[Captioned web images]
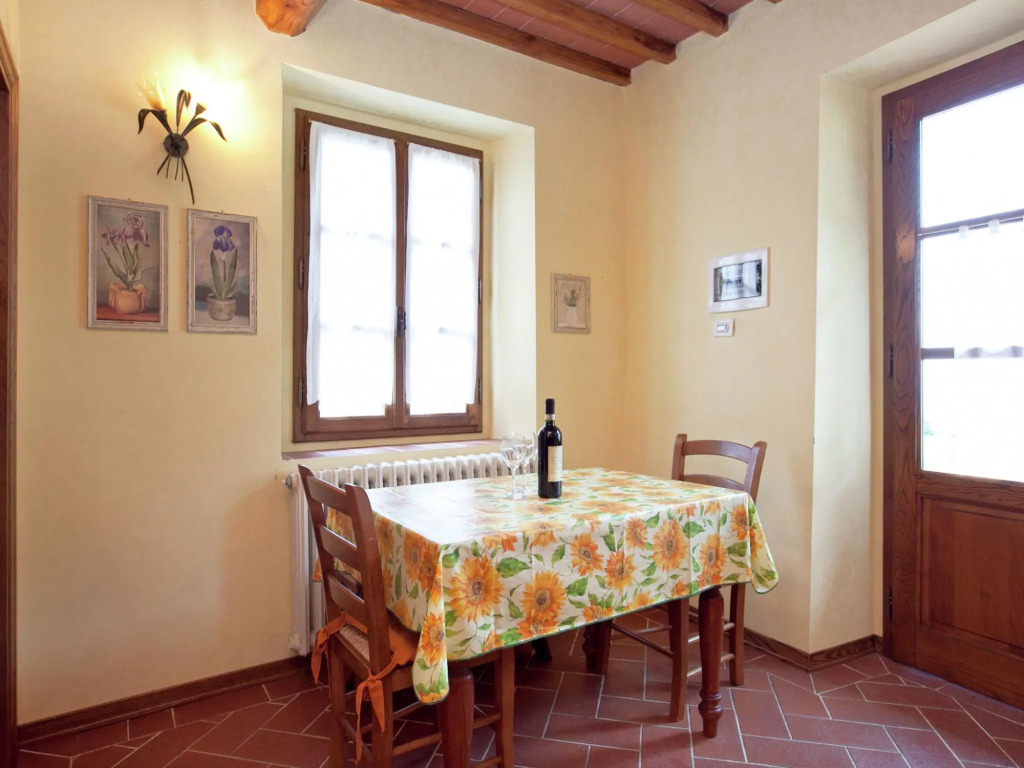 Detached villa for 6-pers with outdoor swimming pool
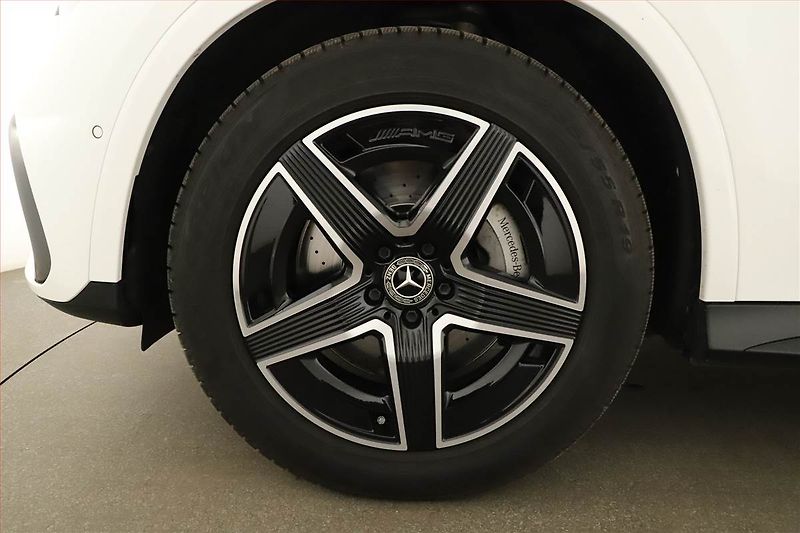 Mercedes-Benz GLC (2023) 220 d 4MATIC, 360°, ACC - fotka 12 z 20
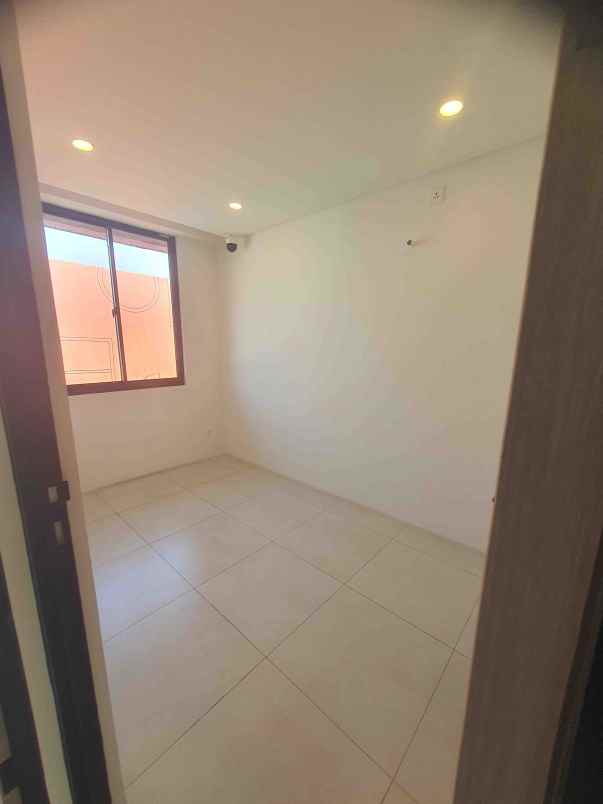 dijual rumah lippo cikarang kab bekasi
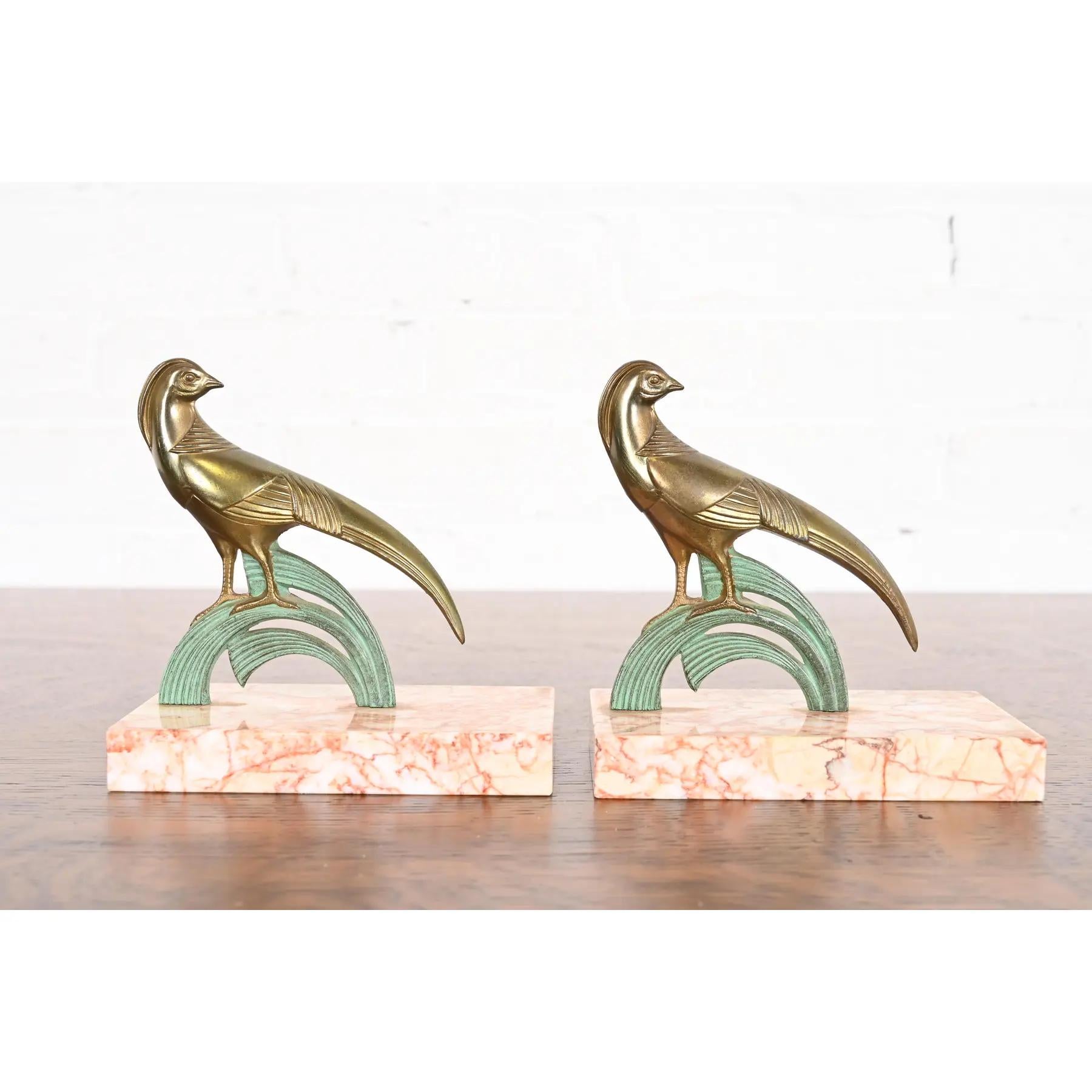 A gorgeous pair of antique Art Deco period bronze and marble pheasant bookends

USA, Circa 1930s

Each measures: 5.5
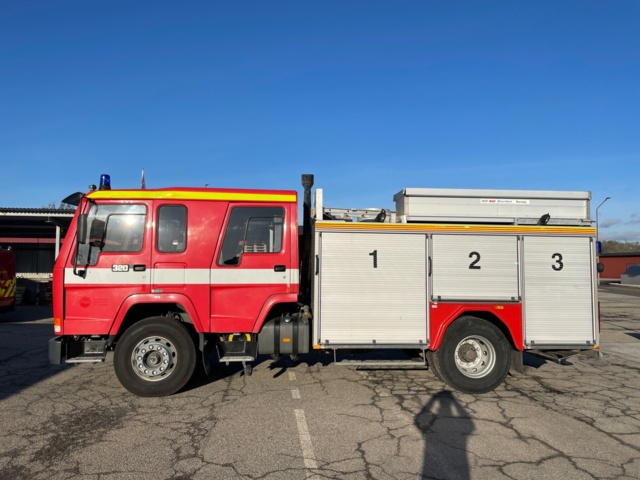 989088-3 Fire engine VOLVO FL10 4x2 1997, Low mileage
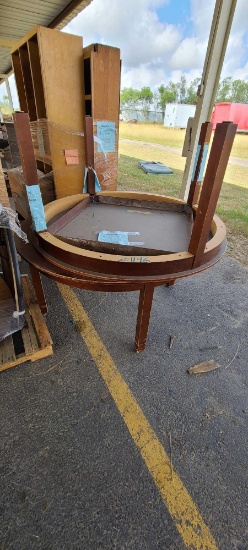 Pallet w/(2) Round Tables (Large HD) (Pallet 164-F)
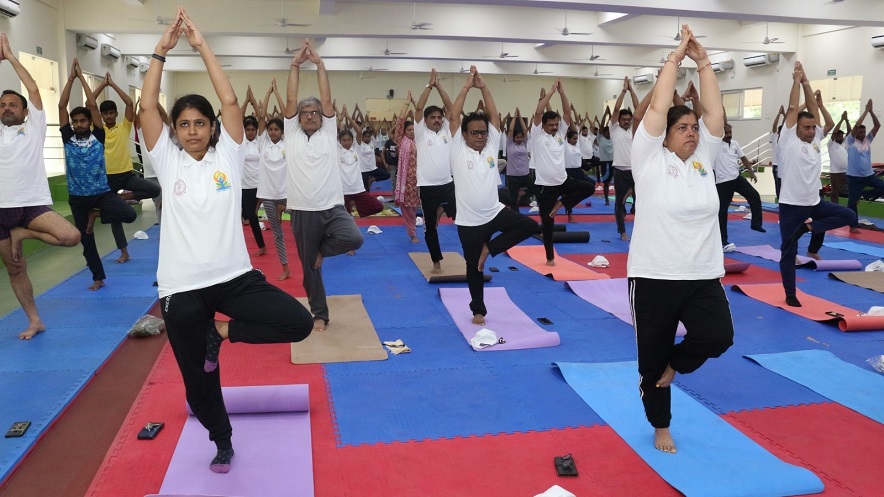 International Yoga Day-2025: आईआईटी (बीएचयू) में 11वें अंतरराष्ट्रीय योग दिवस पर भव्य आयोजन 1 International Yoga Day 2025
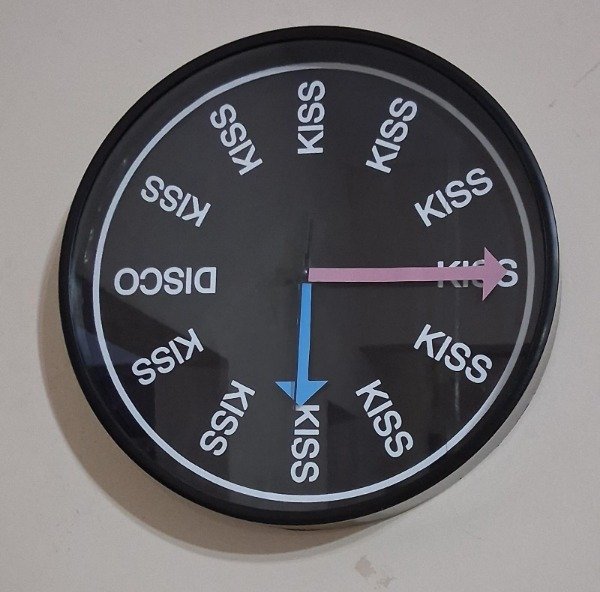 Producto - Reloj Kiss All The Time. Disco, Occasionally. Harry Styles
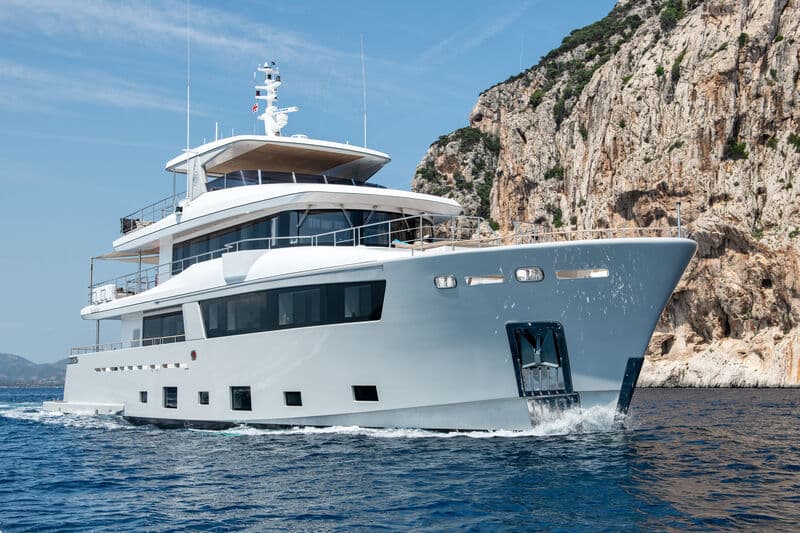 Motor Yacht Sabai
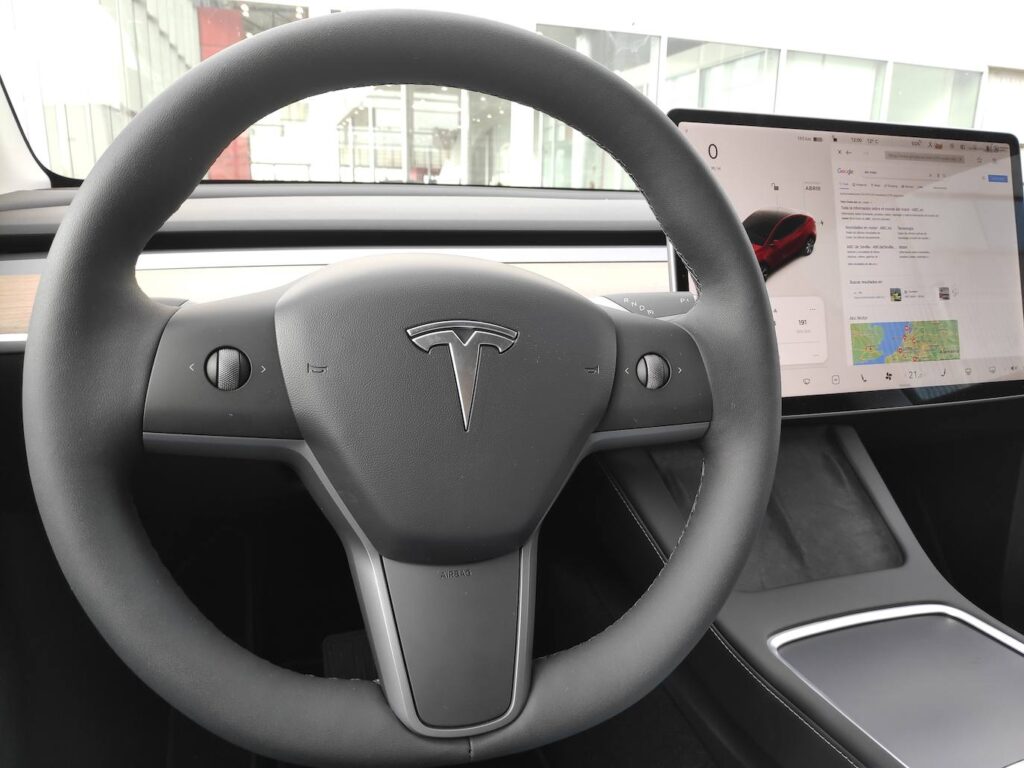Tesla otra vez en la mira por fabricar autos con volantes que se caen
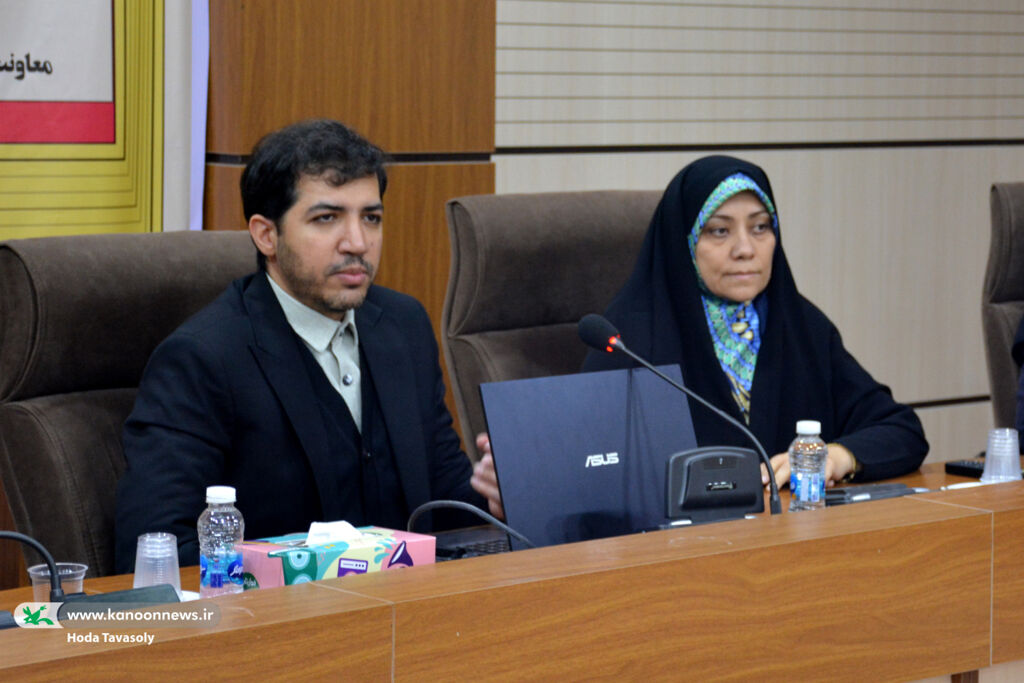 نشست هماندیشی کارشناسان کانون و باشگاه نانو برگزار شد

◆ **Assignment**
Word for word, repeat all of the entries above, leaving out the pictures.

◆ **Problem solution**
 Detached villa for 6-pers with outdoor swimming pool
 Mercedes-Benz GLC (2023) 220 d 4MATIC, 360°, ACC - fotka 12 z 20
 dijual rumah lippo cikarang kab bekasi
 A gorgeous pair of antique Art Deco period bronze and marble pheasant bookends

USA, Circa 1930s

Each measures: 5.5
 989088-3 Fire engine VOLVO FL10 4x2 1997, Low mileage
 Pallet w/(2) Round Tables (Large HD) (Pallet 164-F)
 International Yoga Day-2025: आईआईटी (बीएचयू) में 11वें अंतरराष्ट्रीय योग दिवस पर भव्य आयोजन 1 International Yoga Day 2025
 Producto - Reloj Kiss All The Time. Disco, Occasionally. Harry Styles
 Motor Yacht Sabai
Tesla otra vez en la mira por fabricar autos con volantes que se caen
 نشست هماندیشی کارشناسان کانون و باشگاه نانو برگزار شد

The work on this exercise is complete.